Work required.
Exclude the pictures, and otherwise reproduce the data in full.

*** Task data ***

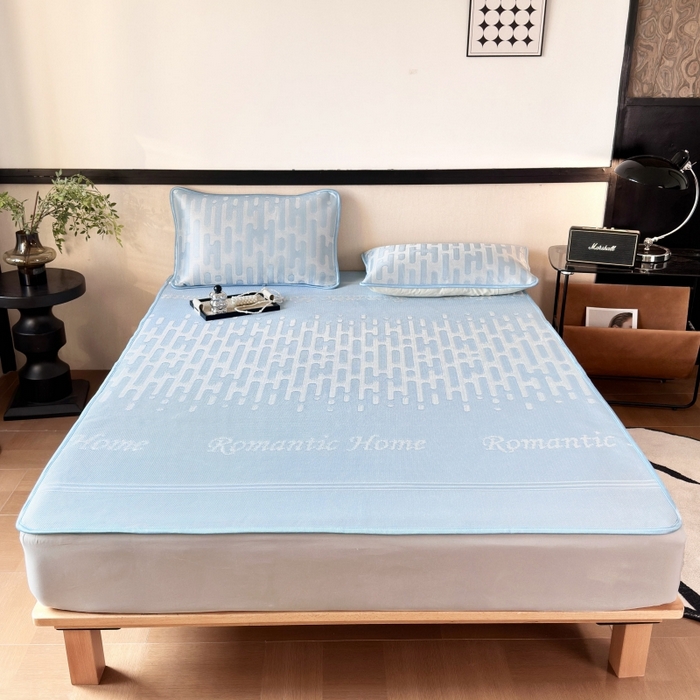 91家纺网 家纺一手货源 找家纺 乐居家纺 2025新款A类碳光抗菌凉感可水洗冰丝凉席席子床笠款 浪漫之家-蓝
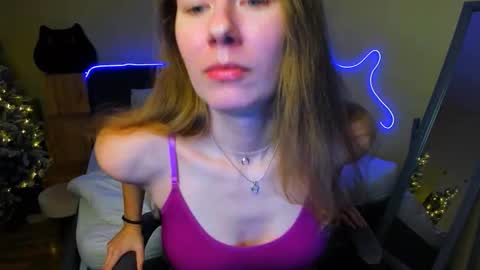 Emily online show from December 18, 2025, 5:41 pm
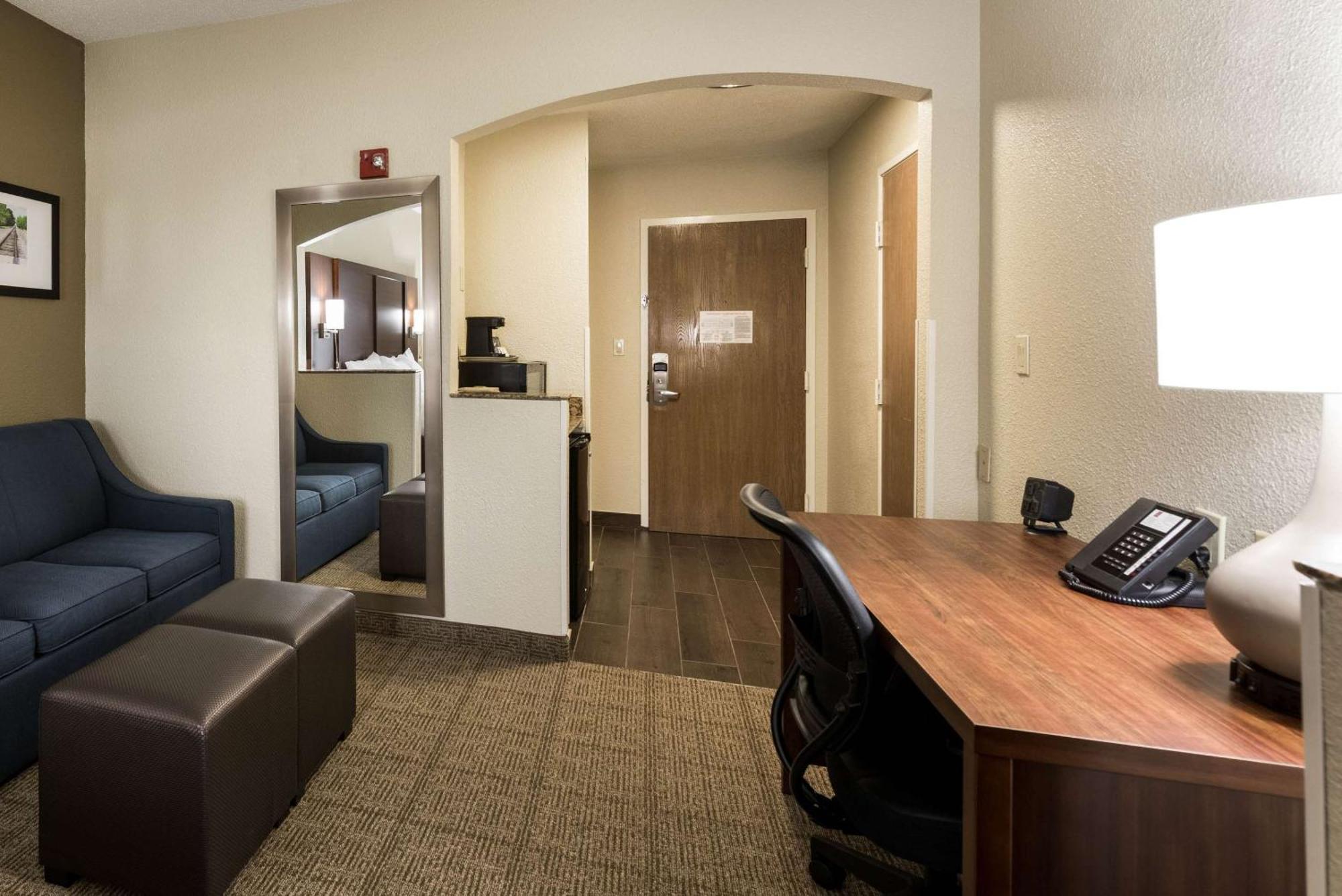 Comfort Suites Monroe Exterior foto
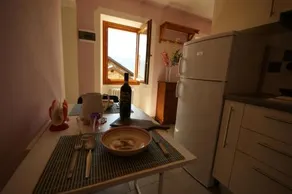 Amina - Image 2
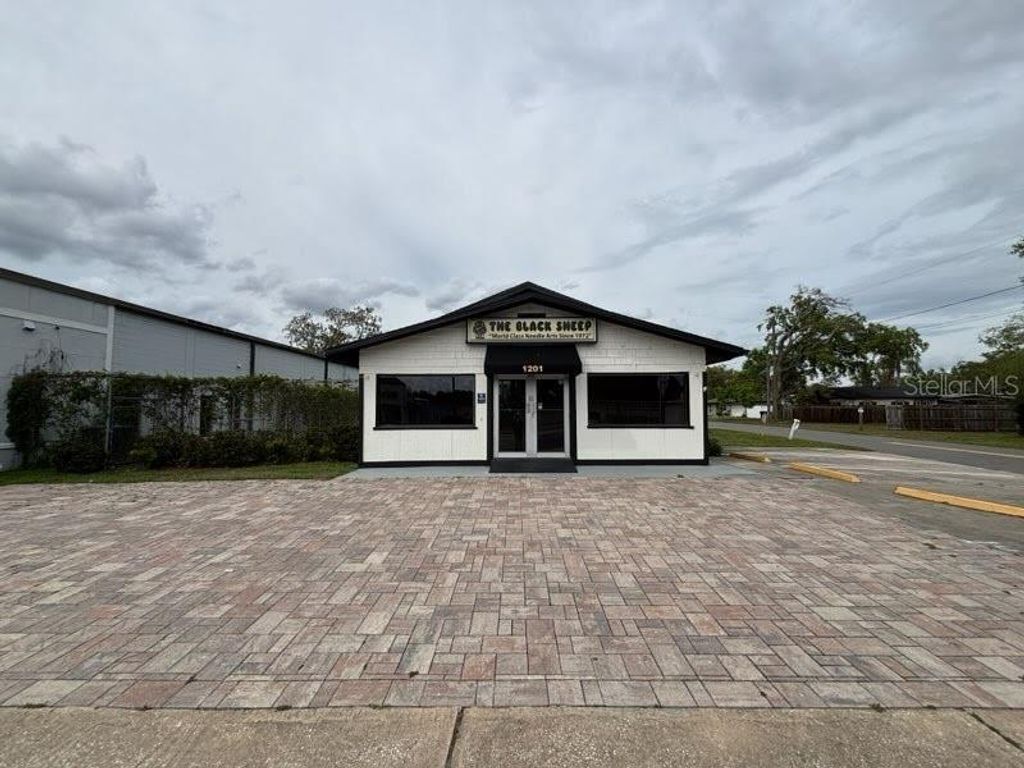 Photo of 1201 W Fairbanks Avenue, Orlando, FL 32804 (MLS # O6391126)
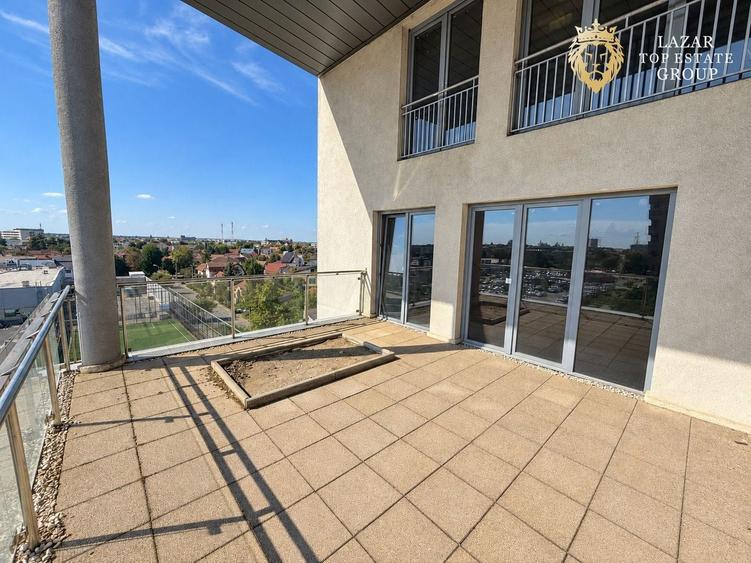 Penthouse cu 4 camere semidecomandat în Banu Mărăcine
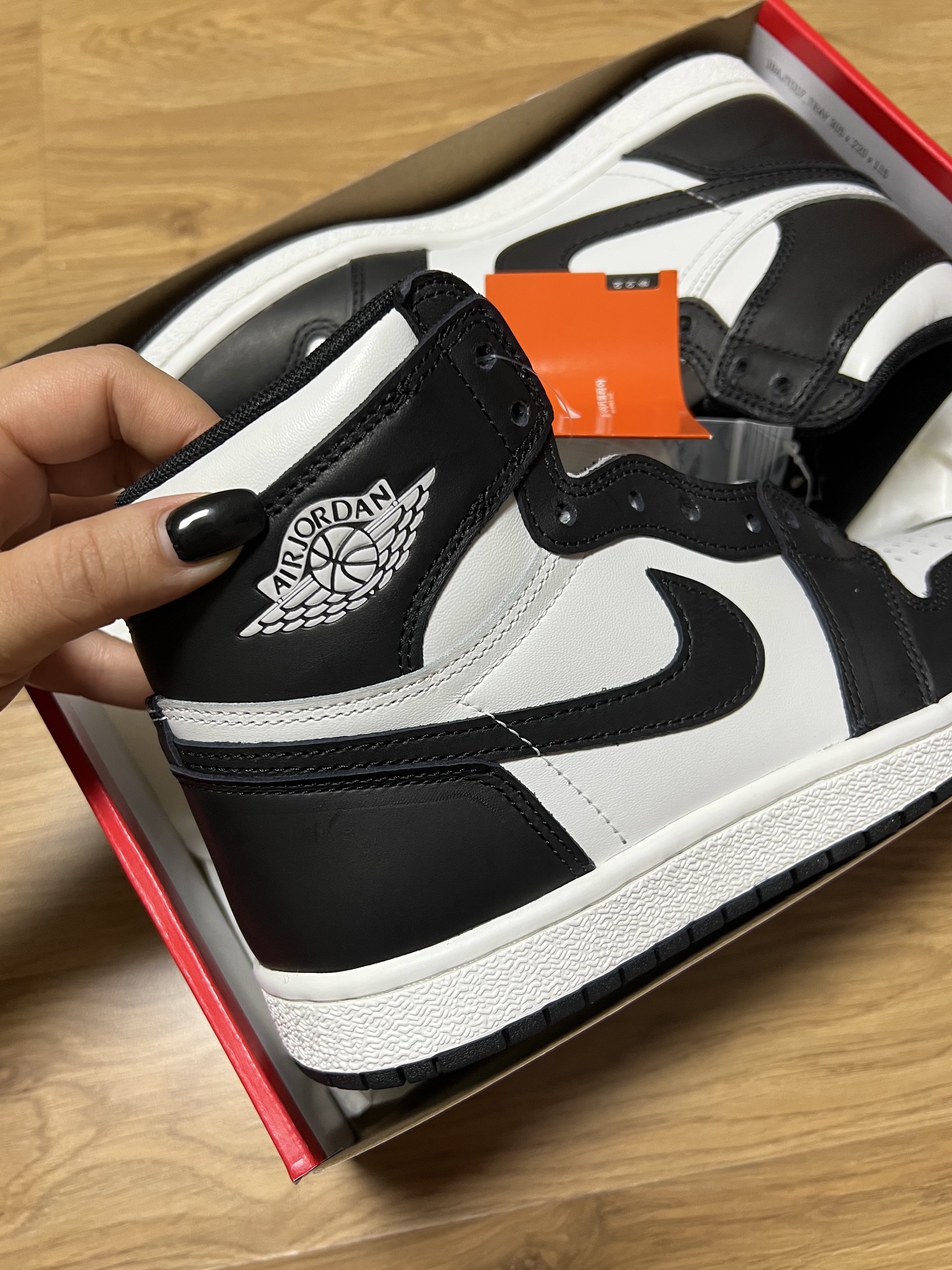 Jordan 1 High 85 Black White 착용 스타일 - 1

***

Solved problem.
 91家纺网 家纺一手货源 找家纺 乐居家纺 2025新款A类碳光抗菌凉感可水洗冰丝凉席席子床笠款 浪漫之家-蓝
 Emily online show from December 18, 2025, 5:41 pm
 Comfort Suites Monroe Exterior foto
 Amina - Image 2
 Photo of 1201 W Fairbanks Avenue, Orlando, FL 32804 (MLS # O6391126)
 Penthouse cu 4 camere semidecomandat în Banu Mărăcine
 Jordan 1 High 85 Black White 착용 스타일 - 1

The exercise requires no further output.